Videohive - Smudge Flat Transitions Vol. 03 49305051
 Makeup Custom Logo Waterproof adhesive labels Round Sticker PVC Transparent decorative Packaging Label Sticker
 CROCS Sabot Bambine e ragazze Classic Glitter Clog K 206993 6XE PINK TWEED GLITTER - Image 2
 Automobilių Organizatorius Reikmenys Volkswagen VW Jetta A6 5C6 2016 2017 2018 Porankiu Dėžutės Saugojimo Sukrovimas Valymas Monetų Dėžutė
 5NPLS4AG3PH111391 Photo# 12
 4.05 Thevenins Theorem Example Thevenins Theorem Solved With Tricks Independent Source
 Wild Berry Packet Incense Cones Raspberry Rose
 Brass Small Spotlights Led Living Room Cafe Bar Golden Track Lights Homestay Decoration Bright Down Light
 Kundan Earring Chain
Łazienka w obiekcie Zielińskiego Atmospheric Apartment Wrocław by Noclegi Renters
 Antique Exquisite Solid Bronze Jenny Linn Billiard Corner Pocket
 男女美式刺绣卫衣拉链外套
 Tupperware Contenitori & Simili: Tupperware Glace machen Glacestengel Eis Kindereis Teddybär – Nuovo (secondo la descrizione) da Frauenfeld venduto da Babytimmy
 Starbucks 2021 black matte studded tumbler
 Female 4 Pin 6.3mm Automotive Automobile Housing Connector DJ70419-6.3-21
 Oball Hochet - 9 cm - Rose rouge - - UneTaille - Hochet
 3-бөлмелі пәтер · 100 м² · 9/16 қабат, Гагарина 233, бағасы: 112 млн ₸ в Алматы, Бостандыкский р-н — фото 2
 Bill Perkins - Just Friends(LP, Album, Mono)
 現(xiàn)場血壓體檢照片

○ ○ ○ ○ ○

* Problem to work on:
Only the line containing "男女美式刺绣卫衣拉链外套" and the lines after it, up to and including the last line of the data, should appear in the answer, exactly as written.

* Result:
 男女美式刺绣卫衣拉链外套
 Tupperware Contenitori & Simili: Tupperware Glace machen Glacestengel Eis Kindereis Teddybär – Nuovo (secondo la descrizione) da Frauenfeld venduto da Babytimmy
 Starbucks 2021 black matte studded tumbler
 Female 4 Pin 6.3mm Automotive Automobile Housing Connector DJ70419-6.3-21
 Oball Hochet - 9 cm - Rose rouge - - UneTaille - Hochet
 3-бөлмелі пәтер · 100 м² · 9/16 қабат, Гагарина 233, бағасы: 112 млн ₸ в Алматы, Бостандыкский р-н — фото 2
 Bill Perkins - Just Friends(LP, Album, Mono)
 現(xiàn)場血壓體檢照片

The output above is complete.